Venezuela is in the midst of one of the most dire humanitarian crises South America has seen since European imperialism. The Venezuelan people are currently riffed with food shortages, rampant crime, and political upheaval. This denigration is due in large part to the collapse of the nation’s currency in particular and its economy in general. While experts are certain Venezuela’s poorly executed economic planning is to blame for the crisis, political leaders are at a loss for solutions.
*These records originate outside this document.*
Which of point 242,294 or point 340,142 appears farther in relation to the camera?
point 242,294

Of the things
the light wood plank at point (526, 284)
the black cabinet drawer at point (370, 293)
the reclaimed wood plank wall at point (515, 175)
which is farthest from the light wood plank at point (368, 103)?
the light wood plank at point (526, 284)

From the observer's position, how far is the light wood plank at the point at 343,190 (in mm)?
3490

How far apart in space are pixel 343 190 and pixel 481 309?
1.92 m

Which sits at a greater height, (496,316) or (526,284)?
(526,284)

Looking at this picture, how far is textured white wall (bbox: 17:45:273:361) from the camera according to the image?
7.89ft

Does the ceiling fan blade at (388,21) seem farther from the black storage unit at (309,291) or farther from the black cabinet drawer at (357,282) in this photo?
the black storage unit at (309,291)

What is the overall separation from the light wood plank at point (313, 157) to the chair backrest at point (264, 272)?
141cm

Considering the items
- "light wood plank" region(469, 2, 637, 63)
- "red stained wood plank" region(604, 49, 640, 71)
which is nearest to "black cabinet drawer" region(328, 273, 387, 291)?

To properly understand the current state of affairs in Venezuela, one must first look at what has led up to the crisis. Hugo Chávez, easily one of the most prolific yet controversial public figures ever to emerge from Venezuela, was inaugurated as president in 1998. A year later, Venezuela ratified an entirely new constitution as part of the Bolivar Revolution, a socialist type of revolution issued in by Chávez and his party known as the Fifth Republic Movement. The Bolivar Revolution wrought in a period of relative prosperity and improvement in Venezuelan society. Such improvements include the nationalization of many key high-profit industries, the establishment of direct democratic institutions such as the Communal Councils, and the expansion of social programs which granted access to food, housing, healthcare, and education to all Venezuelan citizens. Chávez died in 2013 as a hero among his people and an inspiration for the left worldwide.
Unfortunately, Chávez’s legacy of greatness was by no means a permanent fixture. Nicolas Maduro was elected president in 2013 as a member of the United Socialist Party, the party set to continue the legacy of the Fifth Republic Movement. Within a year of his inauguration, key tenants of the Venezuelan economy and, consequently, its humanitarian infrastructure began to crumble.
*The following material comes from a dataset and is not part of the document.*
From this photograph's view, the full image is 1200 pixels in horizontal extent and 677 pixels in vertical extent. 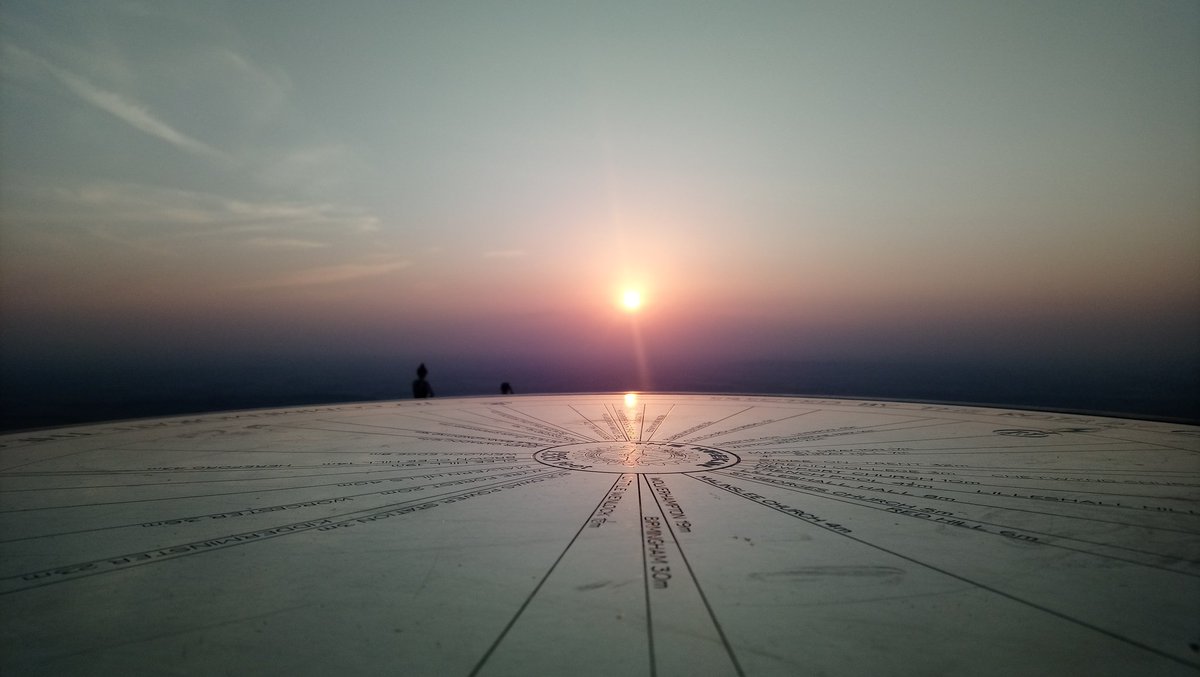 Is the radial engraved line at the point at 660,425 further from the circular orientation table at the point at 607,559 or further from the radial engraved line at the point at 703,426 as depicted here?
the circular orientation table at the point at 607,559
Arguably the most important industry nationalized by Chávez in the name of the Venezuelan government was oil. Oil has accounted for 95 percent of Venezuela’s exports since the government took control of it in the early aughts. Venezuela’s land was, and still is, rich with oil resources and with oil prices so high during those years, enormous profits came easy. These profits were reinvested into the Venezuelan people as is typical of a socialist economy. Experts claim this oil money provided over one million poor Venezuelans with homes for example.
In 2014, however, as oil prices dropped suddenly and dramatically, so did the health Venezuela’s economy and government. The drop in oil’s value was the culminated effect of slow global economic growth, increased efficiency in oil usage, the introduction of fuel alternatives, and a flooded oil supply in the market due to new nations entering the industry full force, including the United States with fracking. The price of oil fell nearly 50 percent in June of 2014. Venezuela lost nearly half of all of its oil revenue and the social programs which relied upon this revenue were left largely without funding. In other words, it was the people of Venezuela who bore the brunt of this global economic chaos.
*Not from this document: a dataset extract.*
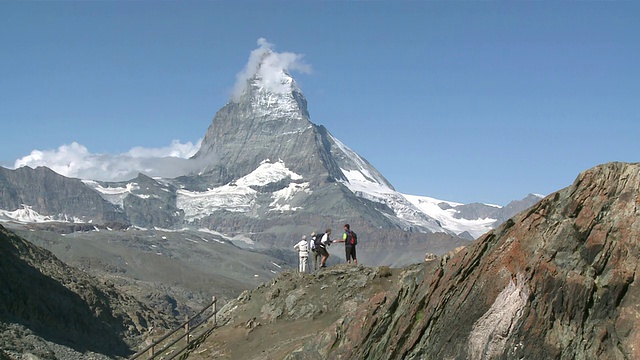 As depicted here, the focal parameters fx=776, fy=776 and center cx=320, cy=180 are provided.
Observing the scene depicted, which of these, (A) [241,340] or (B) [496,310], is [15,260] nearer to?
(A) [241,340]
As a result, the International Monetary Fund projected inflation in Venezuela to grow by a shocking 481.52 percent in total this year and 1,642 percent next year. This, coupled with a projected contraction of the Venezuelan economy by eight percent in 2016, is at the heart of the crisis in Venezuela today.
Since the government has little revenue to provide its people with necessary amenities as is expected, food is becoming increasingly scarce. Looting is rampant. The Venezuelan healthcare system is hardly functioning at all. For example, malaria cases rose by 72 percent in the first half of 2016.
Over the summer, to ease the pain of Venezuela’s economic depression, Maduro began to hike the minimum wage, set price controls, nationalize and crack down on private industry, and set controls on the bolivar’s currency exchange rate. None of this has seemed to help. In fact, it has only made it harder for Venezuelans to lift themselves out of poverty by means of their own as little can be accomplished within the confines of government planning. A huge black market has emerged in Venezuela which exists outside of the government’s scope, leading to further tax deficits and the devaluation of the bolivar.
President Nicolas Maduro is faced with harsh criticism from his political adversaries. Demands for the president’s impeachment and violent rioting are now commonplace. 73 protesters were injured by the police in Merida, a northwestern Venezuelan city, last week during one of the many riots which have occurred recently. Journalism is restricted as the government has tried to mitigate publicity of the turmoil. Although peace talks facilitated by the Vatican between the Venezuelan Socialist Party and its opposition are underway, little progress is being made to improve the dire circumstances of the Venezuelan crisis.